La domanda che molti si pongono è se domani Milano saprà attirare ancora i capitali internazionali? Il real estate vive una fase di cautela, dovuta a motivi politici, ma anche alle dimensioni del mercato stesso. «Viviamo una polarizzazione – dice Davide Dal Miglio di JLL - tra retail che è fuori dal radar, a parte le High street, e gli asset appetibili come la logistica e gli uffici a Milano». Di equity in giro ce ne è molta e si dirige dove ci sono regole chiare. «Milano è un contesto considerato europeo - dice Federico Faravelli di Axa -. Ci sono comunque una serie di fattori esterni che condizionano la situazione: Brexit, le elezioni in Europa, la fine del QE e che effetto avrà sui tassi». Meno positivo il team di Dea Capital, che considera sì l’Italia presente nel paniere europeo, ma secondaria. Anche se a onore del vero gli investitori internazionali definiscono il nostro un Paese “core” in una asset allocation europea. Ma se Milano vuole creare nuove centralità deve dare più flessibilità. «Milano è piccola e sconta questa dimensione» ricorda Enzo Albanese di Sigest. A questo si aggiunge che oggi mancano gli oggetti appetibili sul mercato. Ed è il motivo per cui gli investitori si sono spostati sul segmento value added.

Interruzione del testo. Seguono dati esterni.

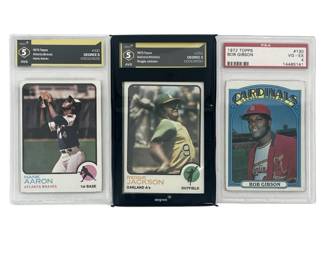 3pc Aaron/Jackson/Gibson Graded Baseball Cards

«Il Pgt così come è stato delineato ignora la forza dell’immagine - dice l’architetto Andreas Kipar -. Manca un piano dei grattacieli, una direzione obbligata per la crescita della città. Tutte le città per natura stanno crescendo, anche Milano segue il trend, ma non si sta attrezzando nella maniera adeguata». Le stime di crescita della popolazione nel Pgt sono, infatti, abbastanza conservative (da qui al 2030 secondo il Comune la popolazione resterà sotto 1,5 milioni).

Al tempo stesso sono scomparsi i cosiddetti «Raggi verdi», contenuti nel Pgt precedenti e di cui tanto la riapertura dei Navigli quanto la green line sui binari dismessi sono una derivazione. Si è preferito puntare sull’apertura di piccoli parchi in città.